News Release — Marijuana Policy Project
June 5, 2013
ESSEX JUNCTION –- Gov. Peter Shumlin is scheduled to sign legislation Thursday that will decriminalize possession of limited amounts of marijuana in Vermont, making it the 17th state in the nation to decriminalize or legalize marijuana. The signing will take place at 1 p.m. during the governor’s remarks at the Statewide Criminal & Juvenile Justice Training Conference at the Inn at Essex in Essex Junction (70 Essex Way).
“We commend Gov.
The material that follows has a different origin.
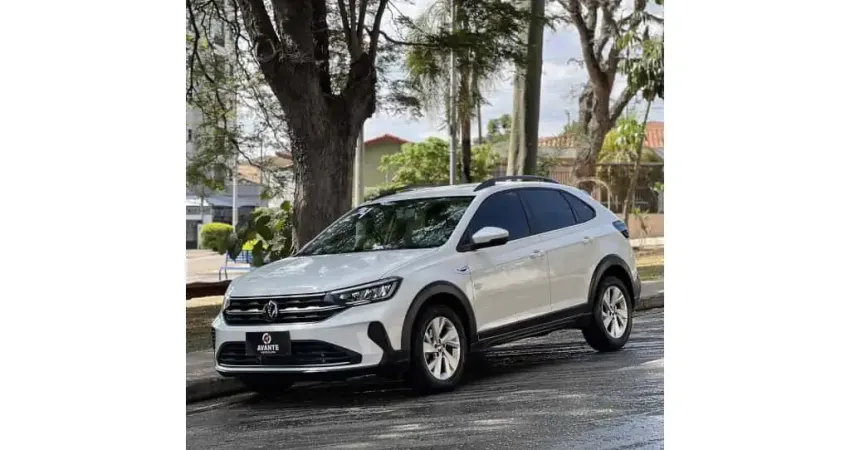 Volkswagen Nivus 2024 1.0 200 tsi total flex comfortline automático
Shumlin, the state’s top law enforcement officials, and the legislature for their leadership and support of this important legislation,” said Matt Simon, a legislative analyst for the Marijuana Policy Project, which lobbied in support of the bill. “The governor’s signature marks another major milestone in the evolution of marijuana policy in Vermont.
“Removing criminal penalties for marijuana possession slows the bleeding, but it will not stop until marijuana prohibition is replaced with a more sensible policy,” Simon said. “Marijuana is objectively less harmful than alcohol and it is time for the state to start exploring policies that treat it that way.”
H. 200, introduced by Rep. Christopher Pearson (P-Burlington) with a tripartisan group of 38 co-sponsors, will remove criminal penalties for possession of up to one ounce of marijuana and replace them with a civil fine, similar to a traffic ticket. Those under age 21 will be required to undergo substance abuse screening. Under current state law, possession of up to two ounces of marijuana is a misdemeanor punishable by up to six months in jail for a first offense and up to two years in jail for a subsequent offense.
Vermont Attorney General William Sorrell and Public Safety Commissioner Keith Flynn testified in favor of the bill, which was approved in the Senate (24-6) on May 7 and in the House (98-44) on April 12. Nearly two-thirds (63%) of Vermont voters support such a proposal, according to a survey conducted by Public Policy Polling in February 2012.